Requirement >> Tally how many lines of these entries hold the string "with". Return the number alone.

Dataset content >>
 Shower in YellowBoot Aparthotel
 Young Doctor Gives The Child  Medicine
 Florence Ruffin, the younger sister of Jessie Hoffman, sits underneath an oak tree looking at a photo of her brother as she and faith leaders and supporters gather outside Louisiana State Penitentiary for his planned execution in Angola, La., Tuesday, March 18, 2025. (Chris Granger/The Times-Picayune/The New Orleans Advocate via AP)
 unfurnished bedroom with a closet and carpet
--
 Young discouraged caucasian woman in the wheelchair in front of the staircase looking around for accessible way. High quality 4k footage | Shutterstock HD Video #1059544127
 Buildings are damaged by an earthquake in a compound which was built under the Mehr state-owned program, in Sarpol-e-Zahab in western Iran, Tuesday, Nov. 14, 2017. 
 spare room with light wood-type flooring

Result for this task >> 2